Hierarchy Review 2024 Tv Show Series Cast Crew Online
As a new school year starts at the exclusive Jooshin High School, the students gather for a first day assembly. The school’s motto is “Noblesse Oblige”, and following that motto, a new scholarship student, Kang Ha (Lee Chae-min), is introduced. He starts to talk to the students, but is cut off when Kim Ri-an (Kim Jae-won) enters the auditorium with his friend Lee Woo-jin (Lee Won-jung). Ri-an is the most important student at the school, given that he’s in line to take over the Jooshin Group, the corporation that owns the school.
Ha has no idea about the protocols that surround Ri-an and the other high-status students there; he’s admonished when he gets up to leave the assembly before Ri-an does, and is excoriated when he wanders into the “Special” English classroom by mistake.
In the meantime, there’s a bit of a rift in Ri-an’s circle; his girlfriend, Jung Jae-i (Roh Jeong-eui), a scion of a rival of the Jooshin Group, had been distant with him in the time leading up to her spending the summer in California. During her three months in the U.S., she didn’t contact him at all. Yoon He-ra (Ji Hye-won) senses the rift and takes a pass at Ri-an that gets rejected. She then goes to the airport to pick up her friend Jae-i.
Jae-i tells He-ra that she wants the four of them to gather at the local racetrack, which He-ra finds mysterious. Before that meeting, she’s at a formal lunch with her parents, who are entertaining some bigwigs. A piano plays softly in the background. Jae-i’s father takes her aside and tells her that the dress she picked wasn’t appropriate and her lipstick is “trashy,” just like the woman who gave birth to her (the woman who raised her is her stepmother).
Jae-i sees the piano player, who flirts with her; she asks him if she can borrow his shirt. When she meets Ri-an, Woo-jin and He-ra at the track, she challenges Ri-an to a race in their respective sports cars. She wins, and tells Ri-an that they need to break up.
Despite Ha being told by other scholarship students not to “annoy” the elite students, and warned that Ri-an was responsible for the death of the scholarship student he replaced, Ha boldly introduces himself to Ri-an.
He-ra takes the opportunity to invite him to a “welcome party.” Ostensibly, he’s there to be ridiculed, and people are even shocked that he showed up. But, despite He-ra’s attempts to humiliate him via some altered booze, Ha makes waves right as Ri-an tries to reconcile with Jae-i.
Hierarchy isn’t a direct remake of Elite, but it might as well be. It’s Elite without the sex and nudity; aside from the connections the elite students have to South Korea’s family-run conglomerates, not much else is different.
That doesn’t necessarily mean that Hierarchy isn’t worth watching. Fans of this genre can’t get enough of shows like these, and there’s just enough soapy stuff going on to attract people who love watching students in preppy uniforms being terrible to each other.

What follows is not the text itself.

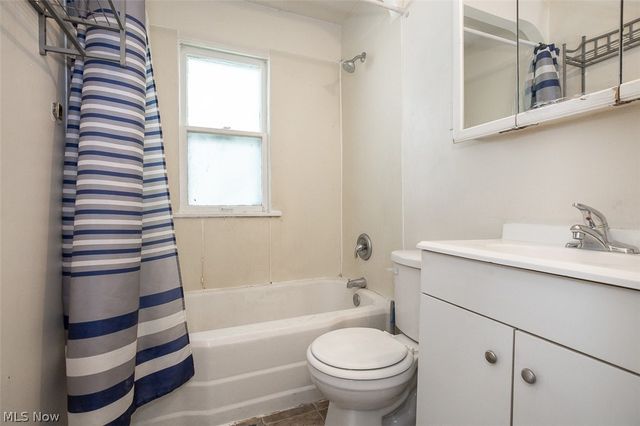 5219 Henry Street, Maple Heights, OH 44137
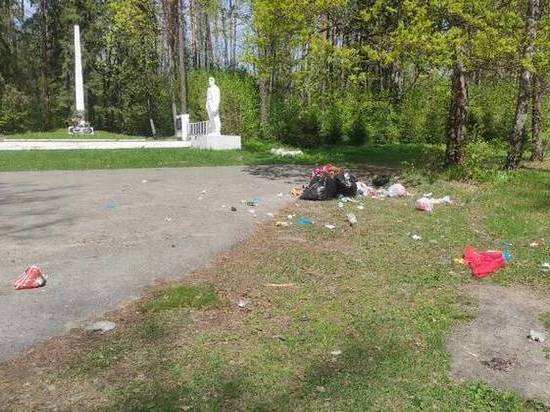 Под Брянском неизвестные разбросали мусор на «Стоянке Виноградова»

However, none of the characters we’ve seen in this series particularly stand out. The scion of a prominent family that has a secret? Check. The dominant “king” of the school that may or may not have violence in his past? Check. The scholarship student that infiltrates the elite crowd despite warnings not to? Check, check, check.
It’s pretty obvious that Ha and Jae-i are going to become an unlikely couple, which may shield him from some of the vitriol the scholarship students usually get. But Ha’s purpose for being at the school is revealed at the end of the episode, which might make things a little more interesting than we’re led to believe.
It really does feel like every country that produces TV series needs to have one of these kinds of shows, if only to show how class differences play out in their part of the world. But, they all end up looking alike after awhile, so your mileage may vary on this one, depending on if you’re a fan of the genre or not.